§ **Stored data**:
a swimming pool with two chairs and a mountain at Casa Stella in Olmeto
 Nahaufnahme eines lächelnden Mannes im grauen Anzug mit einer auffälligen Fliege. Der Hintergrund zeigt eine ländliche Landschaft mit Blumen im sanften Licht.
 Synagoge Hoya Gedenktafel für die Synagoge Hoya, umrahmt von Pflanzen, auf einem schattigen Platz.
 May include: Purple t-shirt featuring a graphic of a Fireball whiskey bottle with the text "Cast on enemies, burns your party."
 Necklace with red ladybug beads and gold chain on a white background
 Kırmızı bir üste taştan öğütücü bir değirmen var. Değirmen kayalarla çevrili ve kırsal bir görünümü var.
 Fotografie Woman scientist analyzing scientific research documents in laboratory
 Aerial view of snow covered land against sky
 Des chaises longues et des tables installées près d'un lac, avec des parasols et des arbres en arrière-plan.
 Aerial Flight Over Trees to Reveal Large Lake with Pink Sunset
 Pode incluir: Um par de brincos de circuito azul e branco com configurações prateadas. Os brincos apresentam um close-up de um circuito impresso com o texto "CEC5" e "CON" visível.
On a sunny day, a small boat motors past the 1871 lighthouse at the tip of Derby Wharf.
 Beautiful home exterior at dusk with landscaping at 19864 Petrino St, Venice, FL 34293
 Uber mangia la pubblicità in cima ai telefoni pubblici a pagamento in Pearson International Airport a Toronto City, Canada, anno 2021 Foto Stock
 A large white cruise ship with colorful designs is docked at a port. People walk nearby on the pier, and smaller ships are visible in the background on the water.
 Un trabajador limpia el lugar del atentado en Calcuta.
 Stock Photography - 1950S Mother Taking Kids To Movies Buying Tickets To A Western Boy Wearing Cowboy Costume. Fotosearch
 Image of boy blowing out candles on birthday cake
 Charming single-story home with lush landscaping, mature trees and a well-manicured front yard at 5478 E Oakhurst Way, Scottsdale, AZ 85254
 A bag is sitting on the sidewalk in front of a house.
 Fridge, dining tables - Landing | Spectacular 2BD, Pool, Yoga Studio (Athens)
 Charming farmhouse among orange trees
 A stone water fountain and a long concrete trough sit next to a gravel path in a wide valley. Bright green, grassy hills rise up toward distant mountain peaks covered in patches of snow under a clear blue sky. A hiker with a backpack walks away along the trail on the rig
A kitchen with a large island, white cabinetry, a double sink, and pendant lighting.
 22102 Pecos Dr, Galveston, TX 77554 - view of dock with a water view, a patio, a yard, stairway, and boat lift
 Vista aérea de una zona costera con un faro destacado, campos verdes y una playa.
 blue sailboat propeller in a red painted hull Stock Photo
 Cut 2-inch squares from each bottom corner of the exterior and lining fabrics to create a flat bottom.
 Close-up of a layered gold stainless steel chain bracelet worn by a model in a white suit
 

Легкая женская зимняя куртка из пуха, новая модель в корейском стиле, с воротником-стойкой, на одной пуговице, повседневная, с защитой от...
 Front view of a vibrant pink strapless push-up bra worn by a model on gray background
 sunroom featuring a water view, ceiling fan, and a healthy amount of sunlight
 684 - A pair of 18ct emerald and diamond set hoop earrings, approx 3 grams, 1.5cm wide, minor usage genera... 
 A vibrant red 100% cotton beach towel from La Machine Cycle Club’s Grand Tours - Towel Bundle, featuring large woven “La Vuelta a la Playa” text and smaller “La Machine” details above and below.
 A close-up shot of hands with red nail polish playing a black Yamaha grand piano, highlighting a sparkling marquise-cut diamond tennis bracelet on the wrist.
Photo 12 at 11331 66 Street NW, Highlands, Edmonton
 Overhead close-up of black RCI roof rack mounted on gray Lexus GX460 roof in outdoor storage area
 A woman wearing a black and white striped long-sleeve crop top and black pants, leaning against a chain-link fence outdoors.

§ **What is needed**:
Copy all the entries exactly.

§ **Solution below**:
a swimming pool with two chairs and a mountain at Casa Stella in Olmeto
 Nahaufnahme eines lächelnden Mannes im grauen Anzug mit einer auffälligen Fliege. Der Hintergrund zeigt eine ländliche Landschaft mit Blumen im sanften Licht.
 Synagoge Hoya Gedenktafel für die Synagoge Hoya, umrahmt von Pflanzen, auf einem schattigen Platz.
 May include: Purple t-shirt featuring a graphic of a Fireball whiskey bottle with the text "Cast on enemies, burns your party."
 Necklace with red ladybug beads and gold chain on a white background
 Kırmızı bir üste taştan öğütücü bir değirmen var. Değirmen kayalarla çevrili ve kırsal bir görünümü var.
 Fotografie Woman scientist analyzing scientific research documents in laboratory
 Aerial view of snow covered land against sky
 Des chaises longues et des tables installées près d'un lac, avec des parasols et des arbres en arrière-plan.
 Aerial Flight Over Trees to Reveal Large Lake with Pink Sunset
 Pode incluir: Um par de brincos de circuito azul e branco com configurações prateadas. Os brincos apresentam um close-up de um circuito impresso com o texto "CEC5" e "CON" visível.
On a sunny day, a small boat motors past the 1871 lighthouse at the tip of Derby Wharf.
 Beautiful home exterior at dusk with landscaping at 19864 Petrino St, Venice, FL 34293
 Uber mangia la pubblicità in cima ai telefoni pubblici a pagamento in Pearson International Airport a Toronto City, Canada, anno 2021 Foto Stock
 A large white cruise ship with colorful designs is docked at a port. People walk nearby on the pier, and smaller ships are visible in the background on the water.
 Un trabajador limpia el lugar del atentado en Calcuta.
 Stock Photography - 1950S Mother Taking Kids To Movies Buying Tickets To A Western Boy Wearing Cowboy Costume. Fotosearch
 Image of boy blowing out candles on birthday cake
 Charming single-story home with lush landscaping, mature trees and a well-manicured front yard at 5478 E Oakhurst Way, Scottsdale, AZ 85254
 A bag is sitting on the sidewalk in front of a house.
 Fridge, dining tables - Landing | Spectacular 2BD, Pool, Yoga Studio (Athens)
 Charming farmhouse among orange trees
 A stone water fountain and a long concrete trough sit next to a gravel path in a wide valley. Bright green, grassy hills rise up toward distant mountain peaks covered in patches of snow under a clear blue sky. A hiker with a backpack walks away along the trail on the rig
A kitchen with a large island, white cabinetry, a double sink, and pendant lighting.
 22102 Pecos Dr, Galveston, TX 77554 - view of dock with a water view, a patio, a yard, stairway, and boat lift
 Vista aérea de una zona costera con un faro destacado, campos verdes y una playa.
 blue sailboat propeller in a red painted hull Stock Photo
 Cut 2-inch squares from each bottom corner of the exterior and lining fabrics to create a flat bottom.
 Close-up of a layered gold stainless steel chain bracelet worn by a model in a white suit
 

Легкая женская зимняя куртка из пуха, новая модель в корейском стиле, с воротником-стойкой, на одной пуговице, повседневная, с защитой от...
 Front view of a vibrant pink strapless push-up bra worn by a model on gray background
 sunroom featuring a water view, ceiling fan, and a healthy amount of sunlight
 684 - A pair of 18ct emerald and diamond set hoop earrings, approx 3 grams, 1.5cm wide, minor usage genera... 
 A vibrant red 100% cotton beach towel from La Machine Cycle Club’s Grand Tours - Towel Bundle, featuring large woven “La Vuelta a la Playa” text and smaller “La Machine” details above and below.
 A close-up shot of hands with red nail polish playing a black Yamaha grand piano, highlighting a sparkling marquise-cut diamond tennis bracelet on the wrist.
Photo 12 at 11331 66 Street NW, Highlands, Edmonton
 Overhead close-up of black RCI roof rack mounted on gray Lexus GX460 roof in outdoor storage area
 A woman wearing a black and white striped long-sleeve crop top and black pants, leaning against a chain-link fence outdoors.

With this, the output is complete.